The increase, if approved by council, would serve as an eight per cent jump in taxes collected compared to 2022 and 11 per cent from 2021.
Council passed an interim 2023 operating budget at its Dec. 13 council meeting, allowing further time for debate and for administration to explore amortization impacts to the budget, in addition to receiving updated property assessments which will help dictate residential and non-residential tax rates.
“We’ve worked really hard to try to figure out a way to get this budget to a palatable place,” said council chair Melanie Gnyp, also part of the budget and audit committee that worked with administration on the draft budget. “We’re still looking at an 11 per cent increase, which is a lot. I know that some of our neighbours down the road have higher ones, but it’s a lot.”

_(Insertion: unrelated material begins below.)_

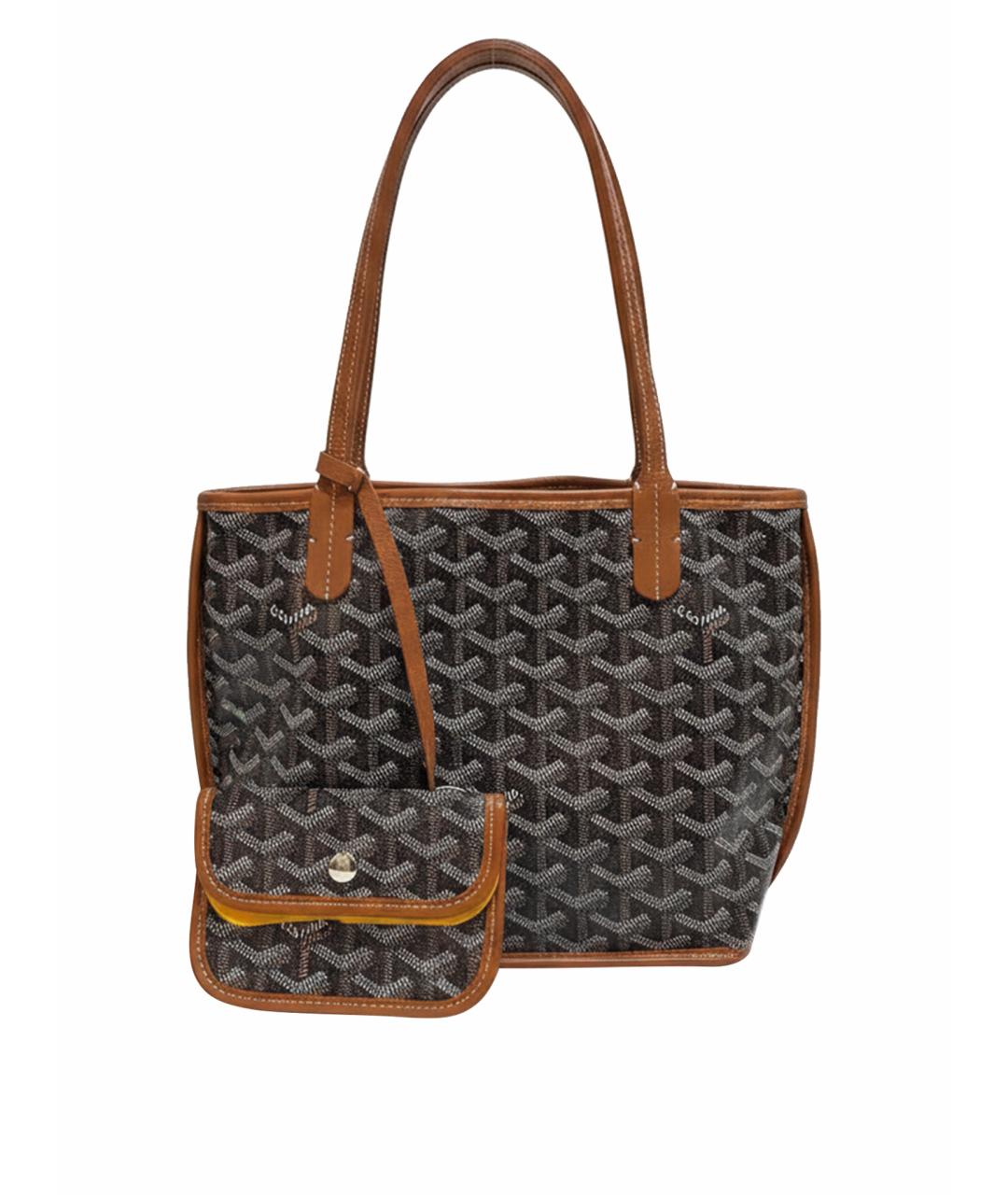 GOYARD Коричневая кожаная сумка тоут, фото 1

The draft operating budget totals $2.42 million for 2023 and introduced municipal mill rate comparisons, but did not elaborate on what that could mean for residential tax rates year-over-year to meet the required revenue to deliver the service levels considered in the budget.
“Preliminarily, analysis has been done in the background, but we don’t have enough information to bring here today to give a good understanding of what that looks like,” said CAO Keiran Dowling. “Which is why we used the general municipal rate, because we understood that based on the property assessments that we have.”
In 2023, the draft budget presents an increase of $71,657, or three per cent, in expenditures compared to 2022 projected expenditures.
The bulk of new operating costs is for Kananaskis Emergency Protective Services, with an additional $61,171.
“We’ve been getting reports from our emergency services director on service delivery of the emergency services function, and I would say this is our most important functional area because it’s our most expensive functional area,” said Coun. Darren Enns.
Nearly half of the operating budget is dedicated to emergency services, with more than $1.1 million dollars in projected capital expenses for 2023. A large portion of municipal infrastructure costs at $132,237 comes from the maintenance and function of the Kananaskis Emergency Protective Services Centre (KESC).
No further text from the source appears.